Where did you read that?

A matrix is a rectangular array of numbers, symbols, or expressions, arranged in rows and columns. For example, the dimensions of a 2 × 3 matrix are two rows and three columns.

Tensors are geometric objects that describe linear relations between geometric vectors, scalars, and other tensors. Examples of such relations include the dot product, the cross product, and linear maps.

Above definitions from Wikipedia.

If you look at Einstein's Equation:

$${\displaystyle R_{\mu \nu }-{1 \over 2}{Rg_{\mu \nu }}+\Lambda g_{\mu \nu }=8\pi {G \over c^{4}}T_{\mu \nu }} $$

Because this equation is written in tensor form, it is true in all frames.
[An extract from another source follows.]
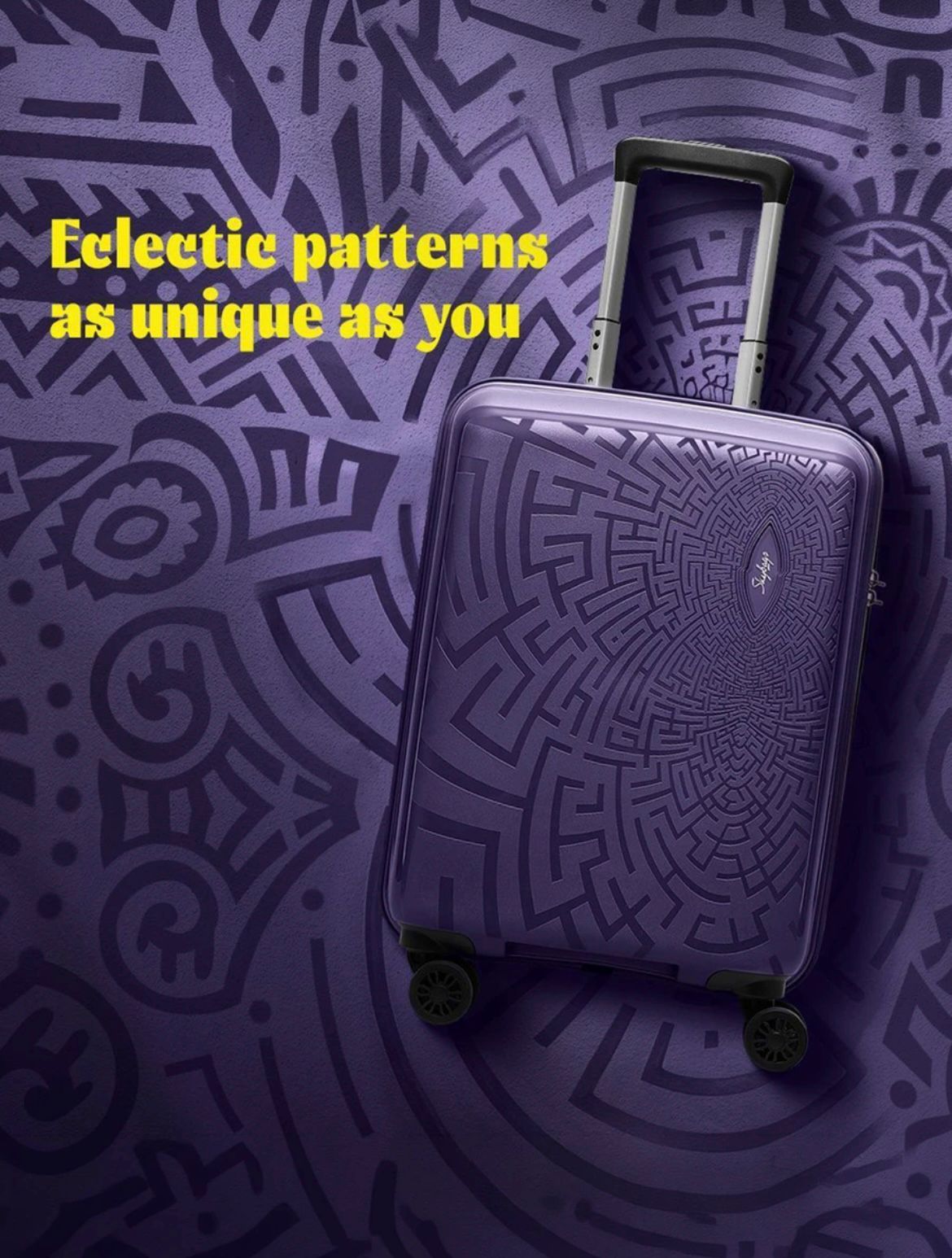 Purple Premium Hard Shell Travel Trolley Suitcase – 360° Spinner Wheels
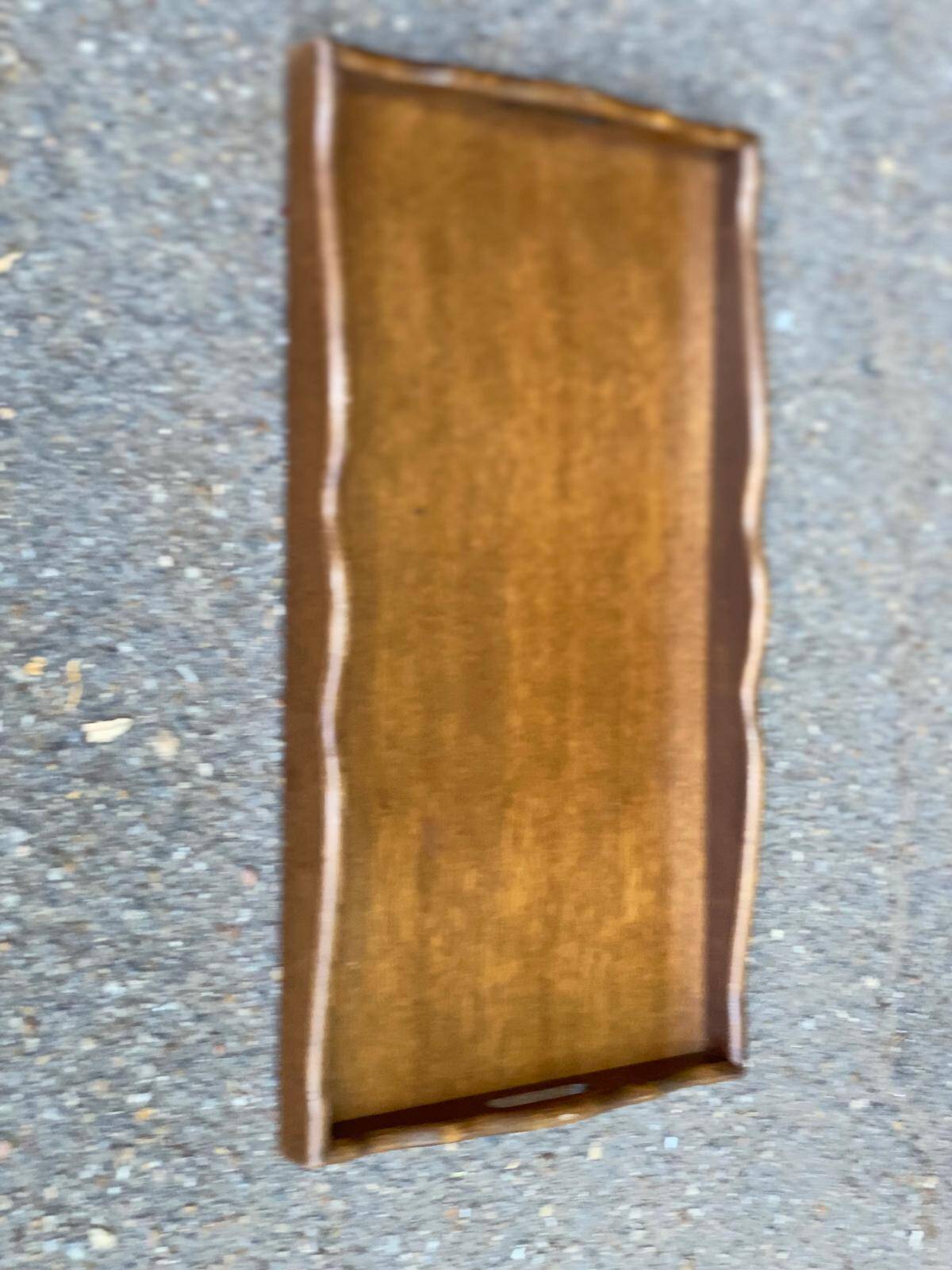 Vintage rectangular solid wood breakfast tray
Is it correct that one of things the law of general covariance says is that if a tensor equation is true in one frame then it is true in all frames? Secondly, is this made possible by the tensor transformation law?

Yes and yes. Tensors, because of their transformation properties, are essential in writing GR related equations.

In comparison, a matrix is basically just a book keeping exercise.

This same question is covered in Matrices and Tensors on MathSE.

This extract from Tensors by James Rowland is a better description than I can give. It is longer than I would like to quote, but informative, imo. My tablet, for some reason, will not copy the link, but it is easy to find. My apologies for this.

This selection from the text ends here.